The remaining 10% of your final grade will be based on your class participation and the occasional archival exercises assigned during class. You must come to each and every class prepared for that day’s discussion. Because we meet only once a week, missing even one session will hinder your preparedness for the assignments and will stand in the way of your developing knowledge about early modern books.

Readings
Readings marked on the syllabus with an asterisk (*) are the primary readings for that day; other readings listed should be read as your time and interest allows. Most of the readings will be placed on reserve in Gelman’s library and placed on our course shelves at the Folger. There are two books you are responsible for either buying or checking out of one of the consortium libraries: Warren Chappell and Robert Bringhurst, A Short History of the Printed Word, Second Edition, Revised and Updated (Point Roberts, WA: Hartley and Marks, 1999); and Philip Gaskell, A New Introduction to Bibliography (Oxford: Clarendon P, 1972).

You will notice that the readings specified on the syllabus below consist nearly entirely of modern books about early modern books and book history. We will be working with early modern books in class and outside of class, and you will be provided with a bibliography of the books we have consulted in class. Students are always welcome to bring into the classroom particular books that they are interested in and would like to discuss. And students should avail themselves of the resources in the Folger, both of our collection of rare materials, but also of our range of experts in the field. The library’s curators and staff will help you find your way through our collection.
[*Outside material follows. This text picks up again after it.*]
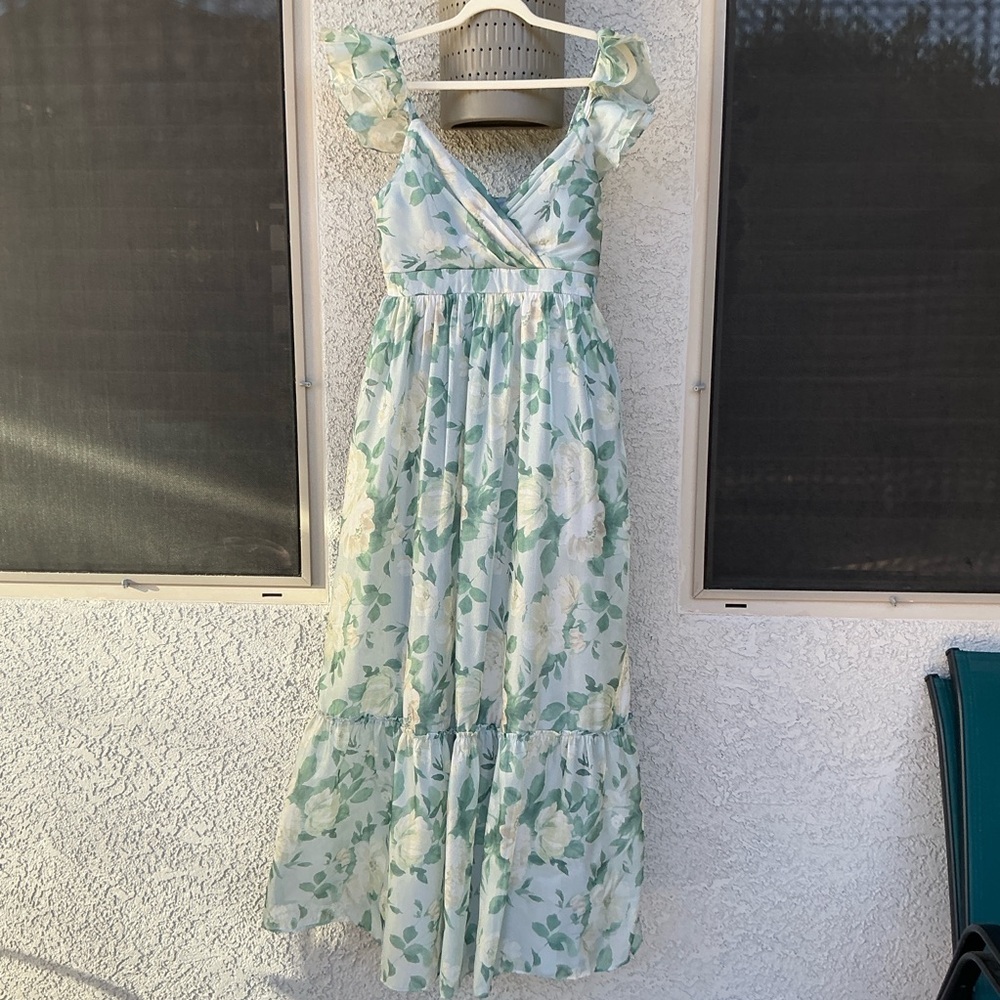 NWT Lulu’s Soiree Perfection Light Blue Floral Ruffled Tiered Maxi Dress Medium - Picture 3 of 13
Finally, readings in the course will be supplemented by appearances of the guest faculty, identified on the syllabus below, speaking on a range of topics such as using bibliographic evidence to date materials, to the history of book illustration, to the rise of 18th-century biblical satire and the circulation of 19th-century gift books.

The history of books is a broad and fascinating area of research. There are many fields of inquiry that this course will not address: libraries, censorship, mapmaking, and bindings are just a few of the topics that could be added to an exploration of early modern culture and books. But this course will model a variety of approaches to the field and will give students a range of tools that they can use in their independent research and in future courses.

September 7: Orientation

Advance Reading: Bradin Cormack and Carlo Mazzio, “Use, Misuse and the Making of Book Theory: 1500-1700” in Book Use, Book Theory: 1500-1700, eds Cormack and Mazzio (Chicago: U Chicago Library, 2005), 1-37.
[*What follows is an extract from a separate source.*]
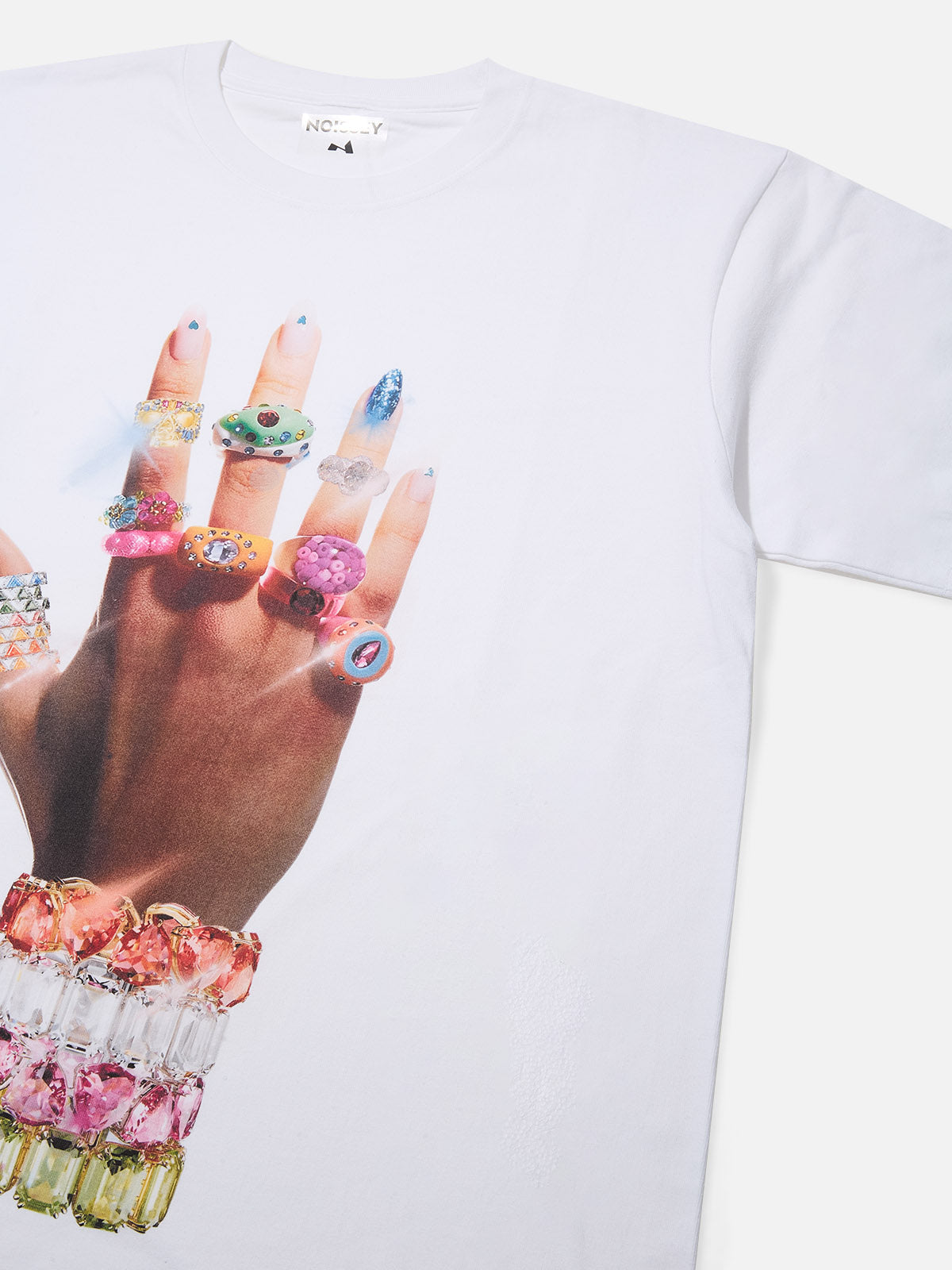 T-shirt BOUNCE BACK© avec bracelet et bague artistiques colorés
Tour of Library with Betsy Walsh, Head of Reader Services, explanation of Library procedures, and presentation on book handling practices with Frank Mowery, Head of Conservation

September 14: Preface: What is book history?

* Robert Darnton, “What is the History of Books?” in The Kiss of Lamourette: Reflections in Cultural History (New York & London: Norton, 1990), 107-35. [originally published in Daedalus 111:3 (1982): 65-83.]
* D.F. McKenzie, “The Book as an Expressive Form” in Bibliography and the Sociology of Texts (Cambridge: Cambridge UP, 1999), 9-30. [originally given as a Panizzi lecture at the British Library, 1985]
* Roger Chartier, “Labourers and Voyagers: From the Text to the Reader” Diacritics 22:2 (Summer 1992): 49-61.
* Adrian Johns, “The Book of Nature and the Nature of the Book” in The Nature of the Book: Print and Knowledge in the Making (Chicago: U Chicago P, 1998), 1-57 (esp. 1-40).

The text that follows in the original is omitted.